Records shown START

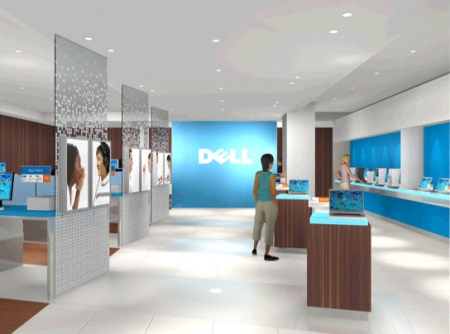 Dell直営小売店舗イメージ図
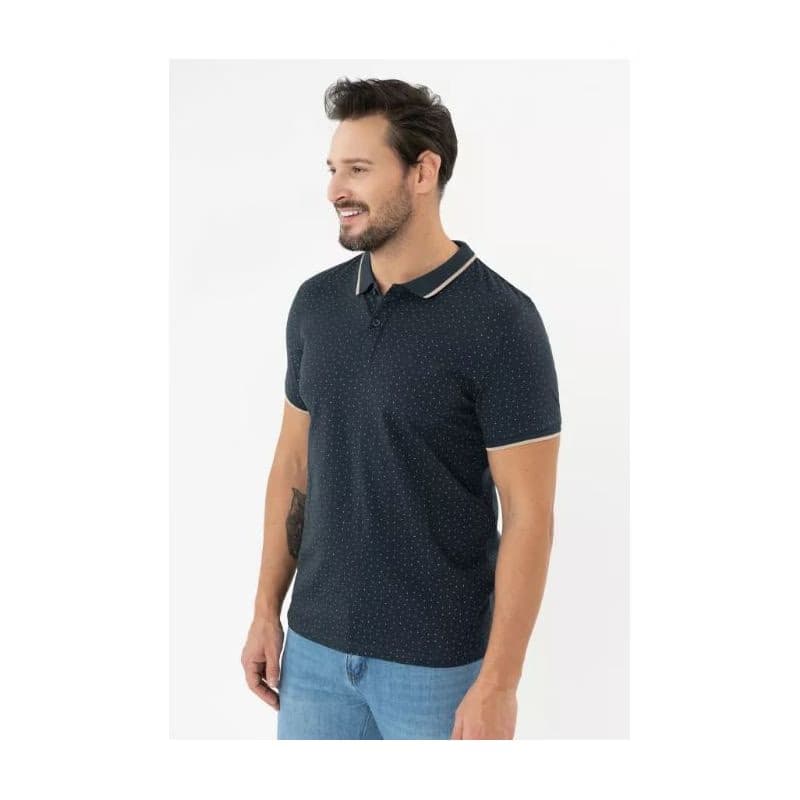 Pánske polo tričko s krátkym rukávom VOLCANO O-GLACIER-NAVY 2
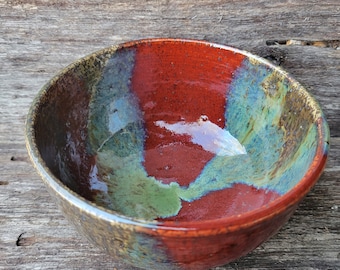 Pottery Soup Bowl, Cereal Bowl, Ice Cream Bowl, Chef Gift, Prep Bowl, Salad or Side Dish Vegetable Bowl, Ready to Ship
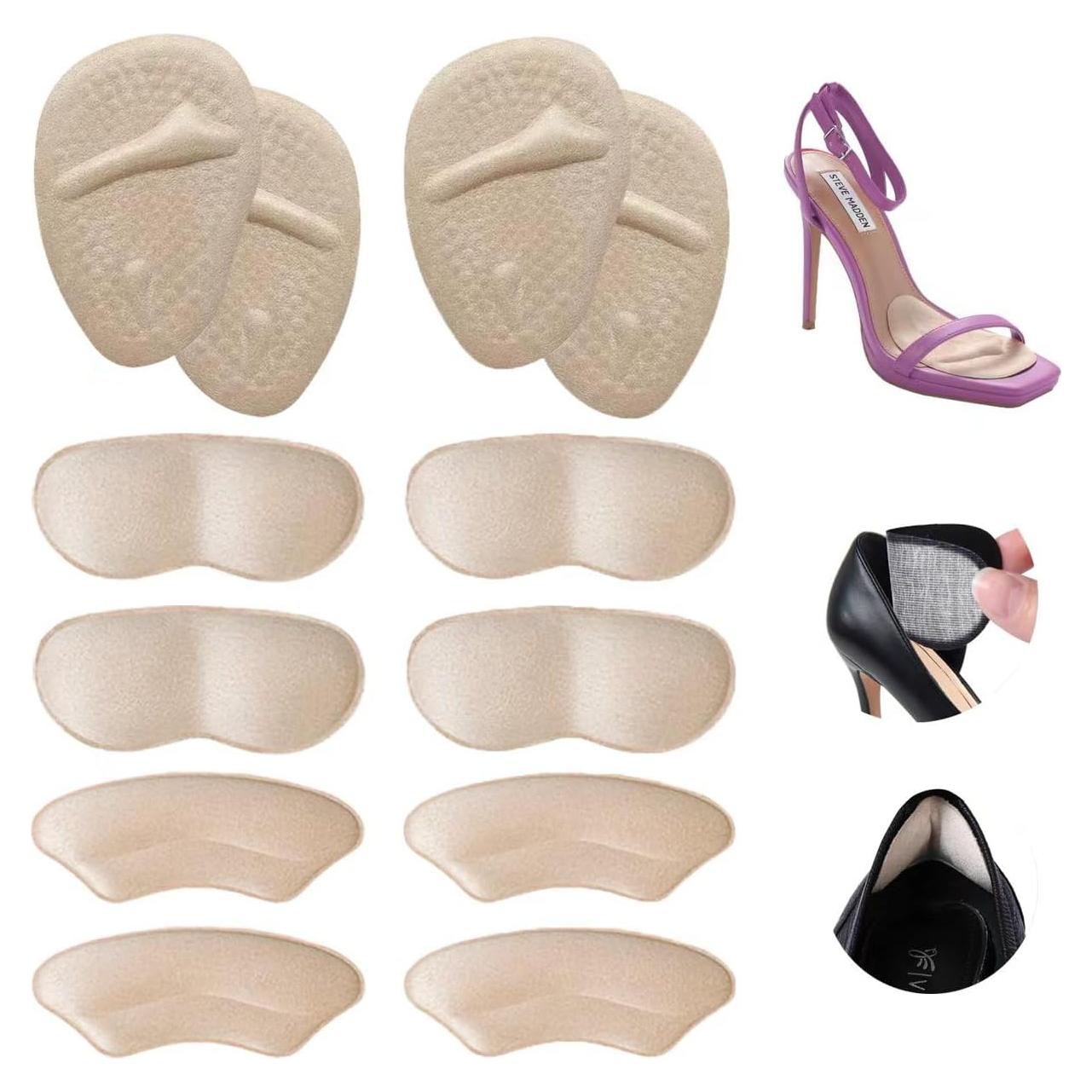 6 Pares Almohadillas para Talones y Metatarsales Ashoesert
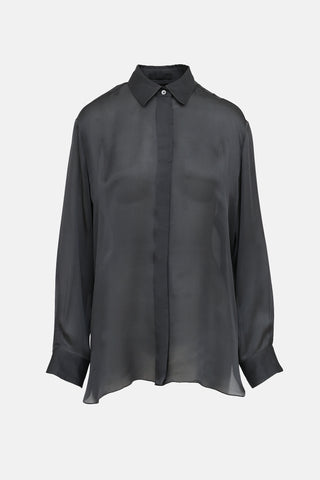 The Row Sheer Button Up Shirt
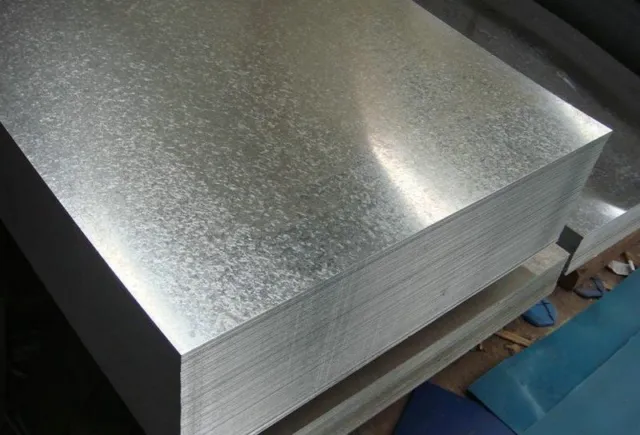 Tôles acier galvanisée ép. 1/1,5 ou 2 mm, dimensions aux choix, pliage acier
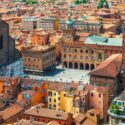 Piazza Maggiore in Bologna, Italy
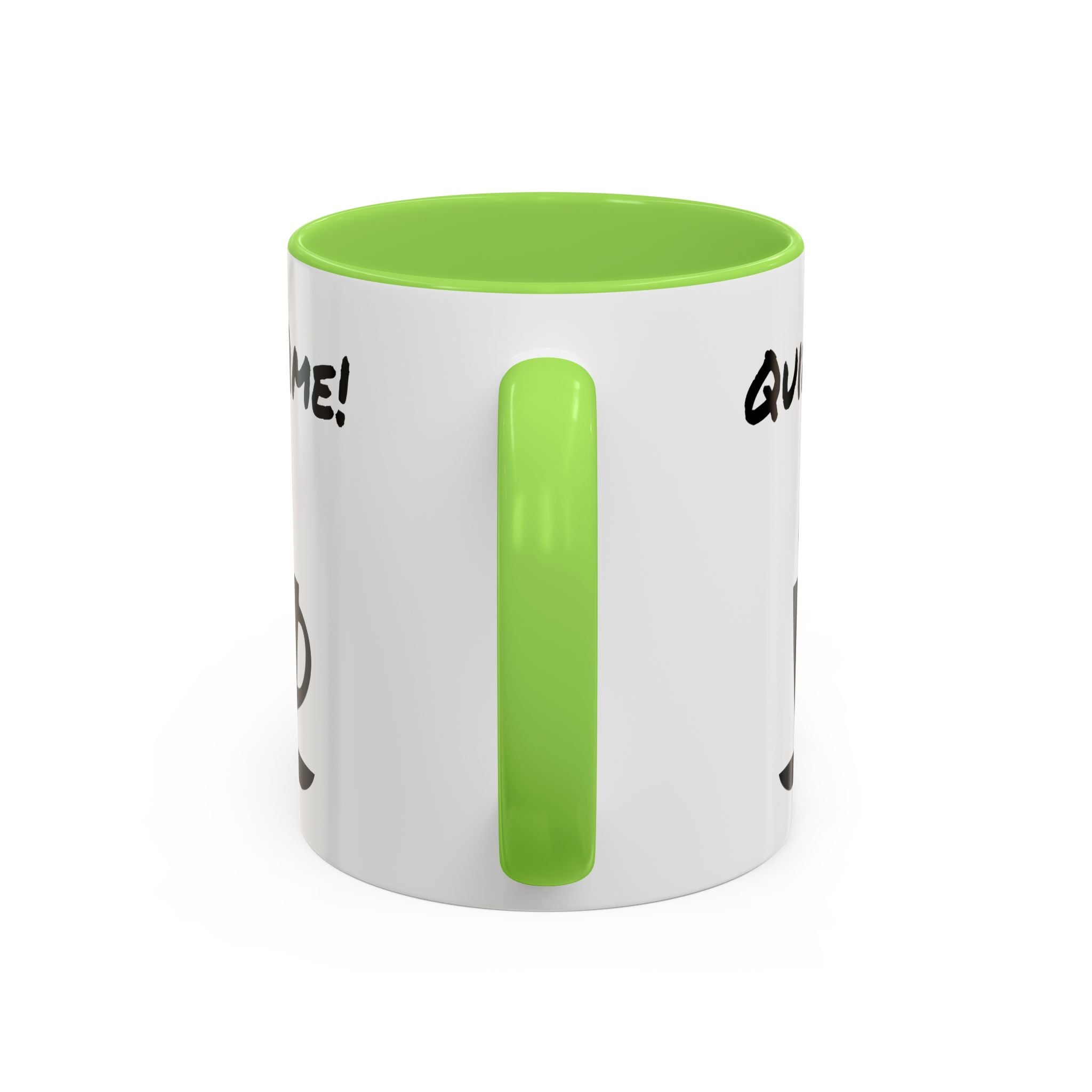 Quiet Time Coffee Mug — Black Accent 11oz/15oz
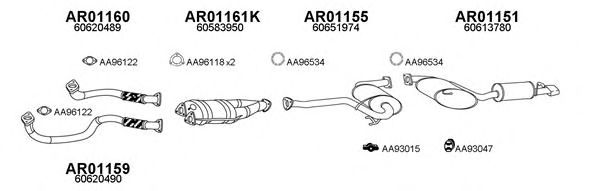 Система выпуска ОГ VENEPORTE 010067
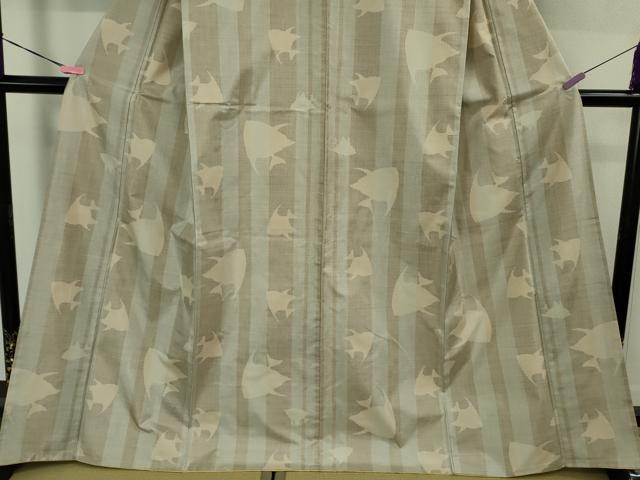 平和屋本店□極上 本場大島紬 白大島 7マルキ エンゼルフィッシュ 逸品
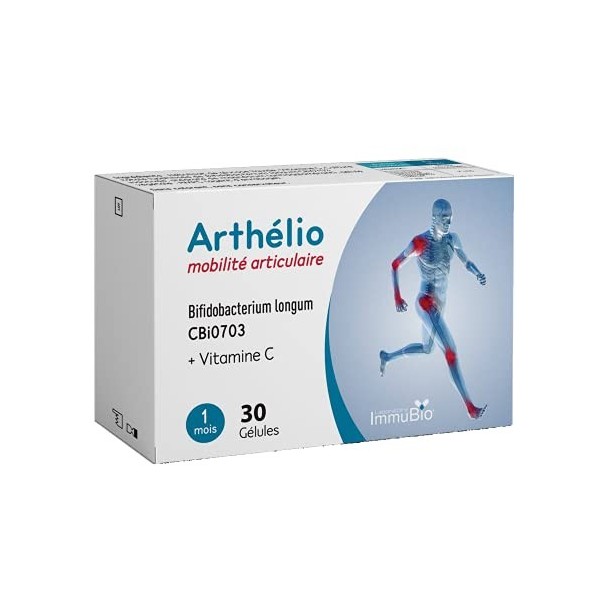 Arthélio™ - Complément Alimentaire pour Arthrose et Fonctionnement Articulaire - Cure dUn Mois - 30 Gélules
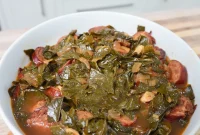 Savory Sausage and Slow-Simmered Collard Greens Recipe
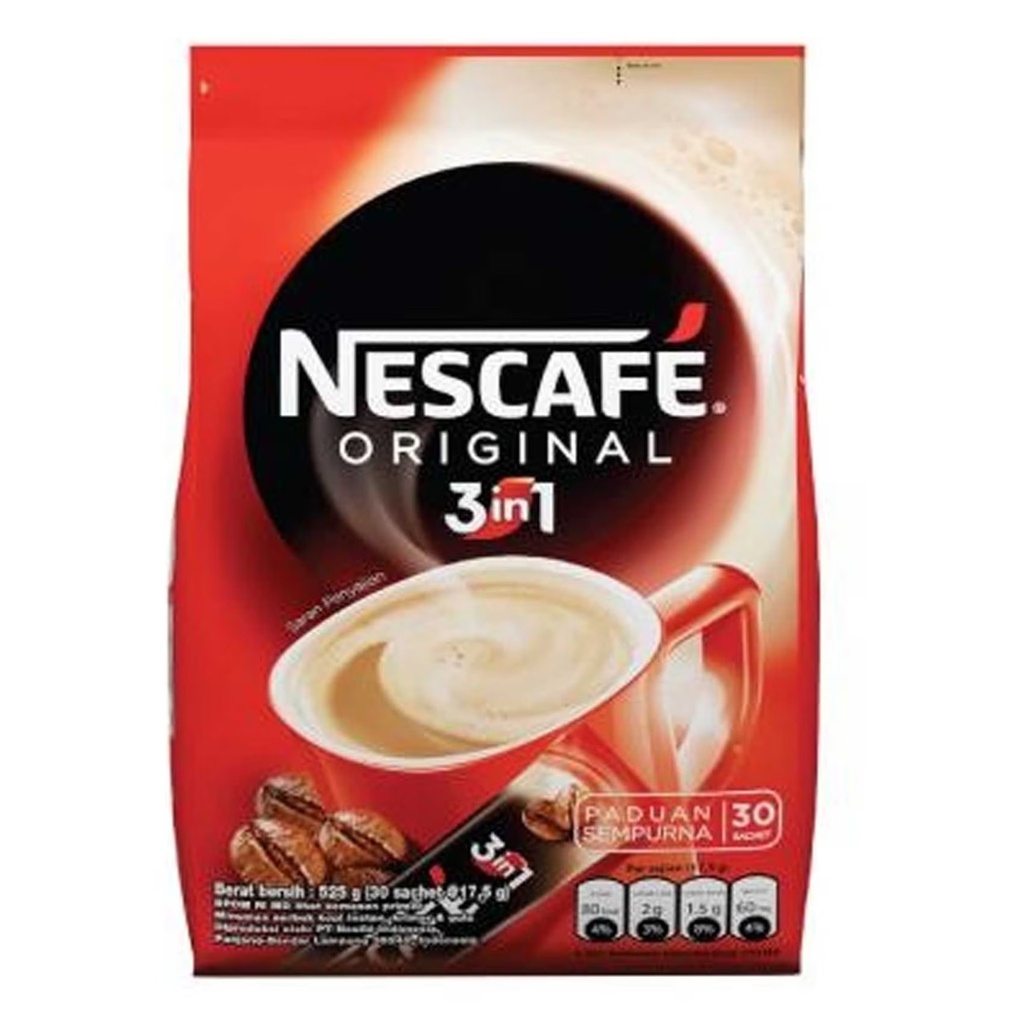 نسكافيه اوريجينال 3 *1  17.5ج
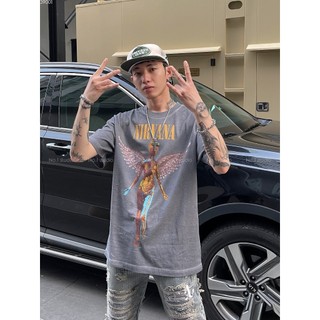Áo thun nam nữ in hình Nirvana by No.1 Studio Chất Cotton mềm mịn màu ghi c252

Records shown END

**Problem**
Take only the lines above from the one that has "6 Pares Almohadillas" through the one that has "نسكافيه اوريجينال 3" and reproduce them exactly, omitting any pictures.

**Written response**
 6 Pares Almohadillas para Talones y Metatarsales Ashoesert
 The Row Sheer Button Up Shirt
 Tôles acier galvanisée ép. 1/1,5 ou 2 mm, dimensions aux choix, pliage acier
 Piazza Maggiore in Bologna, Italy
 Quiet Time Coffee Mug — Black Accent 11oz/15oz
 Система выпуска ОГ VENEPORTE 010067
 平和屋本店□極上 本場大島紬 白大島 7マルキ エンゼルフィッシュ 逸品
 Arthélio™ - Complément Alimentaire pour Arthrose et Fonctionnement Articulaire - Cure dUn Mois - 30 Gélules
 Savory Sausage and Slow-Simmered Collard Greens Recipe
 نسكافيه اوريجينال 3 *1  17.5ج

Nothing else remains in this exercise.